The Taoist book Zhuangzi (simplified Chinese: 庄子traditional Chinese: 莊子pinyin: Zhuāngzǐ) was named after its purported author Zhuangzi, the philosopher. Since 742 CE, when Emperor Xuanzong of Tang mandated honorific titles for Taoist texts, it has also been known as the Nánhuá Zhēnjīng (simplified Chinese: 南华真经traditional Chinese: 南華眞經pinyin: Nánhuá Zhēnjīng), literally meaning "True Classic of Southern (Cultural) Florescence," alluding to the tradition that Zhuangzi came from South China. Another explanation is that the place that Zhuangzi was born was placed within the administrative unit Nánhuá (南華) County during the Tang dynasty.

The text is a composite of writings from various sources. The traditional view is that Zhuangzi himself wrote the first seven chapters (the "inner chapters") and his students and related thinkers were responsible for the other parts (the "outer" and "miscellaneous" chapters). Strong proof of direct authorship by Zhuangzi of any of the text is difficult. The recension by Guo Xiang (circa 300 CE) is the basis for practically all extant editions of the Zhuangzi.

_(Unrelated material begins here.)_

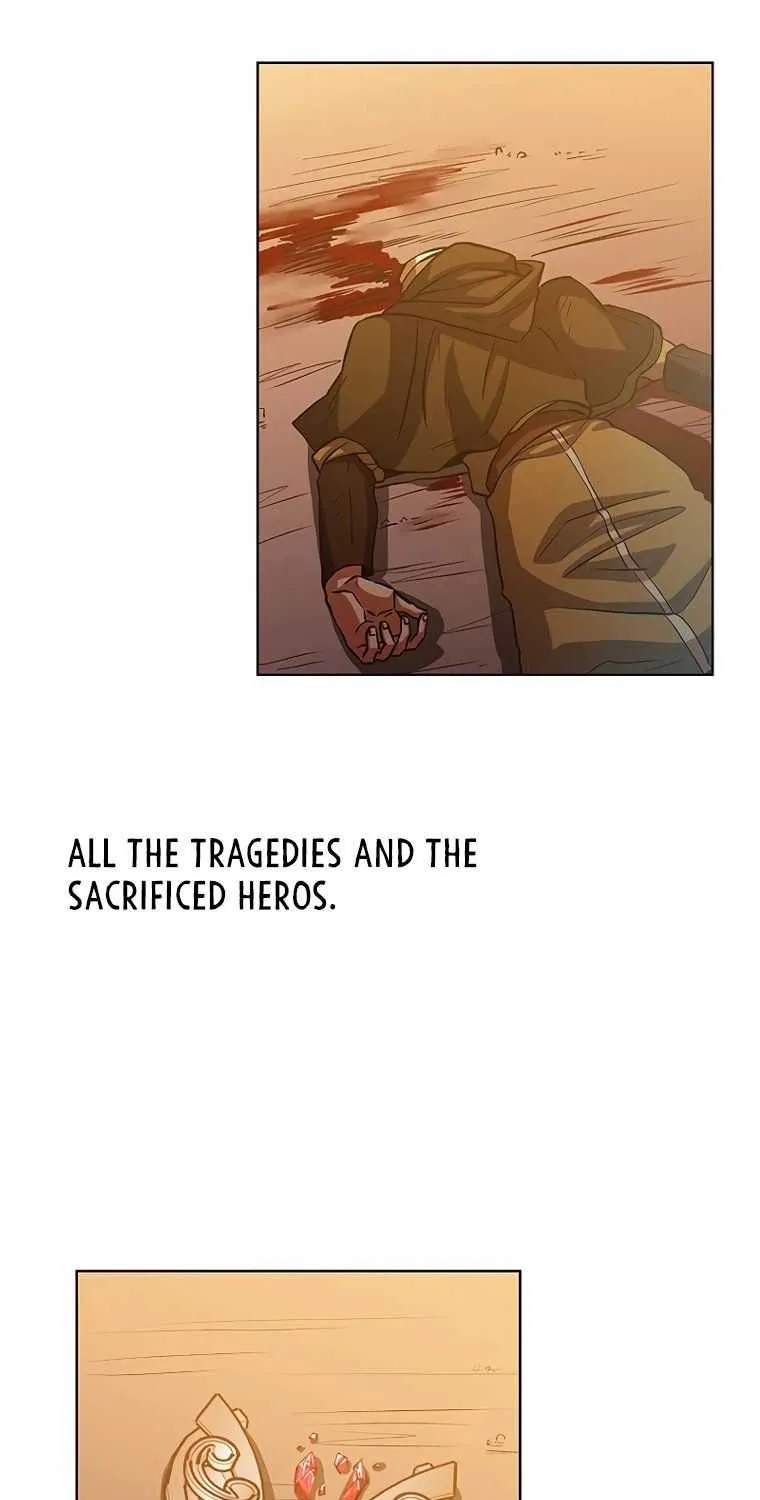 Read Archmage Transcending Through Regression chapter 1 image 86 on Lezhin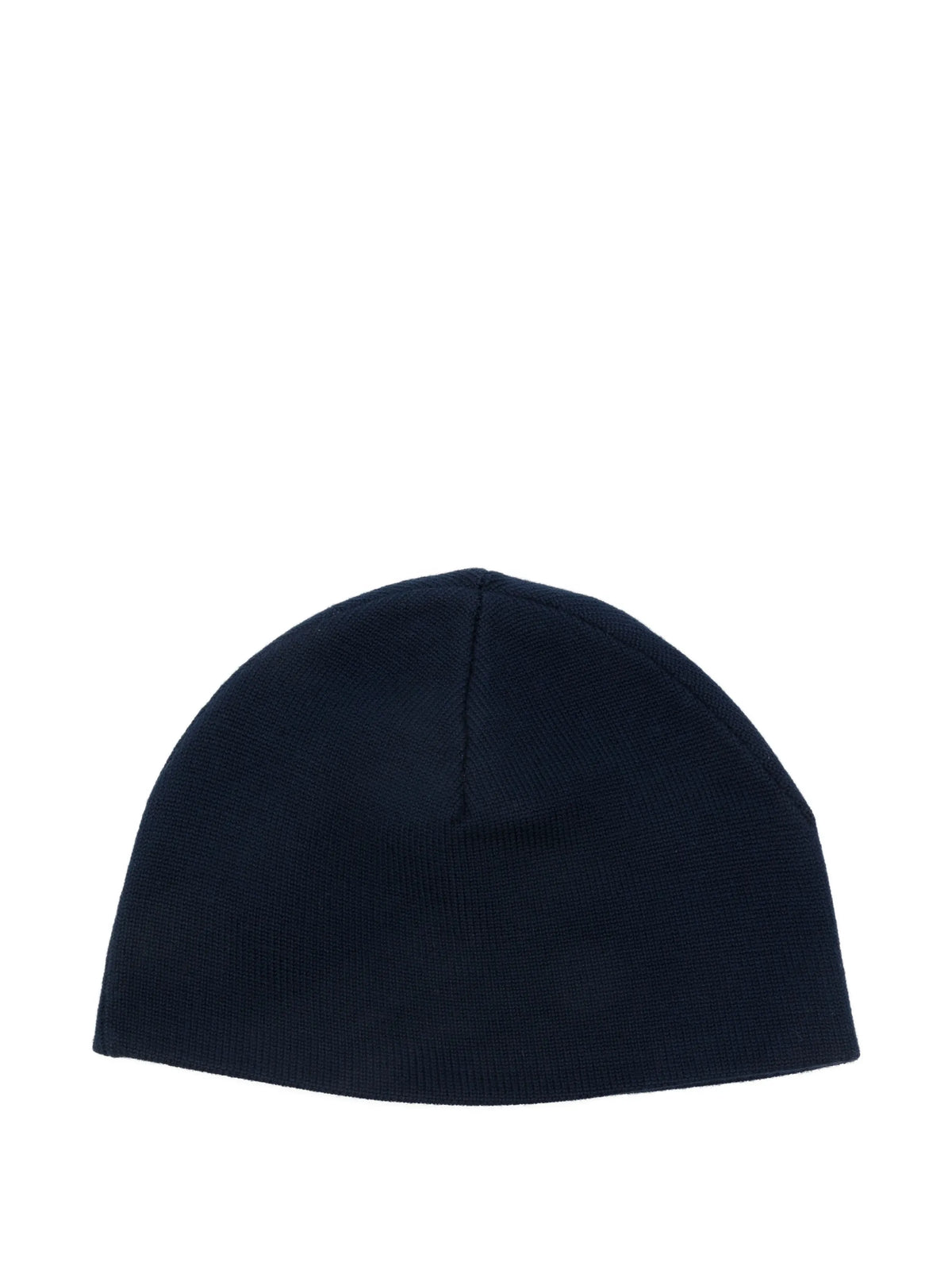 Hotfix logo beanie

The inner chapters have great grammatical and conceptual coherence and are believed to have been primarily written by one hand[citation needed], even if not by Zhuangzi himself. Zhuangzi has been categorized as a "Taoist" by the Chinese tradition, but especially in the inner chapters, he stands out from the rest. He also writes comparatively little about Tao in the inner chapters of the work, even less than Mencius and other prominent Confucians, prompting scholar A. C. Graham to note, "Zhuangzi never knew he was a Taoist".

Translations

The Zhuangzi text is widely regarded as both deeply insightful in thought and as an achievement of the Chinese poetical essay form. It uses the Chinese language in complex, multi-layered, and often playful ways, and is notoriously difficult to translate. Nevertheless, some sinologists have tried. There are complete English translations of all thirty-three chapters by Frederic Balfour, James Legge, Herbert Giles, James Ware, Burton Watson, Martin Palmer, Victor H. Mair, Wang Rongpei, and Nina Correa. There are selected translations of the seven "inner chapters" by Fung Yu-lan, Burton Watson, Gia-Fu Feng, A. C. Graham, Thomas Cleary, and David Hinton. There is also a translation of the seven "inner chapters" and twelve additional chapters by Jerome Seaton and Sam Hamill. There are interpretations of selected Zhuangzi passages by Thomas Merton and Brian Bruya. Graham's is, to date, the most academically thorough, but Watson's is highly praised for its poetic style. Mair's translation also has its highlights, including his decision to translate the poetic parts of the text into English poetry.